Even just mandating interoperability would likely do since that would open up the floor to competitors. Many users are well aware of the issues but don't feel they have a viable alternative that satisfies their goals.
To clarify, I use "rage bait" as an example phrase, but it includes algos that only promote engagement at any cost and other things that aren't outright dangerous, but we think are dangerous. Not, like I said, CSAM or yelling FIRE or telling people to kill themselves.
Agreed, you can't regulate speech in a targeted manner while also not doing so. You're forced to find some common aspect much more general than "rage bait". Perhaps prohibiting the targeting of certain metrics? Or even prohibiting their collection in the first place.
Can you elaborate, give some ideas, examples, etc.? What metrics? How can you define them in a consistent, safe way?
Estimated user age is an example of a metric largely unrelated to concerns regarding free speech. I doubt it has much relevance to the problem we're taking about here but hopefully you can imagine that prohibiting the targeting of ads or the curation of an algorithmic feed based on that metric would not be expected to unduly disadvantage any particular sort of speech.
In a non-adversarial political context where we trust the government and the future ones, sure, but I think without any strong guardrails, we could enact a law that's good today, but will be exploited in the future.
For targeting minors with any kind of political speech - I'd love it if it wasn't legal. But that brings its own can of worms. There's enough discussion on HN on the implications of age verification, whether on how it's done technically (privacy-preserving or not (ZKP or just shady 3rd parties); FOSS or not; on the ISP, OS or app level, etc.) and whether the mere precedent could trigger additional issues down the road.
Anyway, I'd love a society where everything is perfect, but I'm afraid of what might actually happen. With a benevolent god as a permanent ruler, I'd be happy with 100% prosecution rate against all kinds of littering, hate speech and whatnot, but in reality random crimes are easier to evade than a law passed down by a malevolent government, so I'm strongly against any kind of overreach. (Because the law tomorrow could be one we must evade if we want to resist an unethical government). Someone will likely chime in with "but complete and massive overreach has never happened so far", to which I'd reply - we're close to the point where technology will let the ones in power grab that power absolutely and forever if we them grab too much in the beginning.
I’ve reported videos that look like sexual exploitation, videos that call for violence and videos that promote hate (xyz people are cockroaches) and all I’ve gotten is that “it does not go against community guidelines” with a link to block the person who created them.
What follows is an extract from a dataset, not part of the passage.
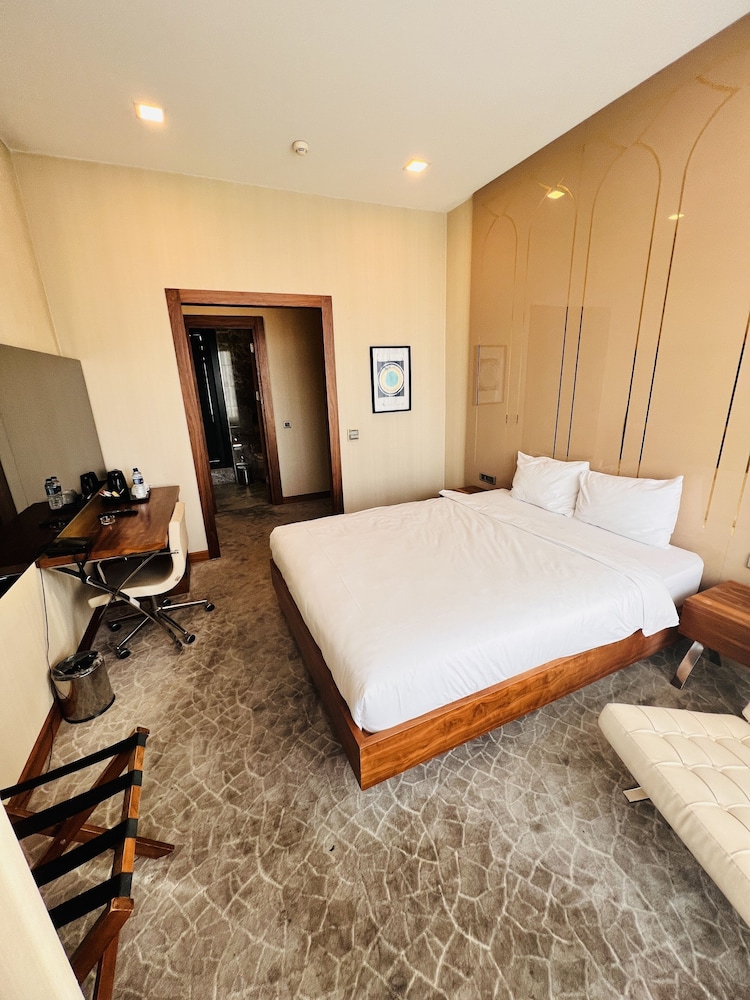 Junior Suite photo 2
So any concerns of “where do we draw the line” are in my opinion pointless because the bare minimum isn’t even being done.
What if I didn't say anything bad about a race or a sex, but said:
> I have coworkers that pester with me with their small talk about the weather every time I see them. I hate those fucking cockroaches.
That's in bad taste, sure, but should it be regulated? You may know I obviously don't hate-hate them (they're just annoying, but most of them are good people) or actually consider them cockroach-like in any meaningful aspect (they're obviously people, but with annoying tendencies). But would a regulator know the difference? What about a malicious regulator who gets paid by (ok, this is a silly example, but bear with me) the weather-talking coworker lobby to censor me? In many not-so-silly examples a regulator could silence anyone for anything (politics, sex, drugs, ethics), as long as it uses a bad word or says anything negative about anyone. I don't want to live in such a society. That much power would be abused sooner or later.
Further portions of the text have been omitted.